— PROBLEM REQUIREMENTS —
Below is a listing. Write out exactly its lines between the one holding "Vince Young Packers Back Up" and the one holding "Festival ABENIN 2018", inclusive.

— RECORDS FOR THIS EXERCISE —
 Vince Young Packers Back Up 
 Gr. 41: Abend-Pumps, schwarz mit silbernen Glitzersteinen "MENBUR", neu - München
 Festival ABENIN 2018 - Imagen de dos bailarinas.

--

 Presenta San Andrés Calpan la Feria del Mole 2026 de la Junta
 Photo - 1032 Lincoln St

— YOUR RESPONSE —
 Vince Young Packers Back Up 
 Gr. 41: Abend-Pumps, schwarz mit silbernen Glitzersteinen "MENBUR", neu - München
 Festival ABENIN 2018 - Imagen de dos bailarinas.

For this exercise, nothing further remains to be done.